## Activity
Your task is to transcribe the data in full.
──────── Exercise input
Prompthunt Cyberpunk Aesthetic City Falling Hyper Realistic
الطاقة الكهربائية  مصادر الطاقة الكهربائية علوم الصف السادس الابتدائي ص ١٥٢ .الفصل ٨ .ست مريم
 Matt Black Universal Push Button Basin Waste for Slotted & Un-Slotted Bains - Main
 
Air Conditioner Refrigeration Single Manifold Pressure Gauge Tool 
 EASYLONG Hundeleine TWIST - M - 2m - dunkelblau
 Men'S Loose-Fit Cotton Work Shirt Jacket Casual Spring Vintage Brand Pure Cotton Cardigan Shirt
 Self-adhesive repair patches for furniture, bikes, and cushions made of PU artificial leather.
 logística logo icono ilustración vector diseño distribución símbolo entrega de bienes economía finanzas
────────────────
## Solution
Prompthunt Cyberpunk Aesthetic City Falling Hyper Realistic
الطاقة الكهربائية  مصادر الطاقة الكهربائية علوم الصف السادس الابتدائي ص ١٥٢ .الفصل ٨ .ست مريم
 Matt Black Universal Push Button Basin Waste for Slotted & Un-Slotted Bains - Main
 
Air Conditioner Refrigeration Single Manifold Pressure Gauge Tool 
 EASYLONG Hundeleine TWIST - M - 2m - dunkelblau
 Men'S Loose-Fit Cotton Work Shirt Jacket Casual Spring Vintage Brand Pure Cotton Cardigan Shirt
 Self-adhesive repair patches for furniture, bikes, and cushions made of PU artificial leather.
 logística logo icono ilustración vector diseño distribución símbolo entrega de bienes economía finanzas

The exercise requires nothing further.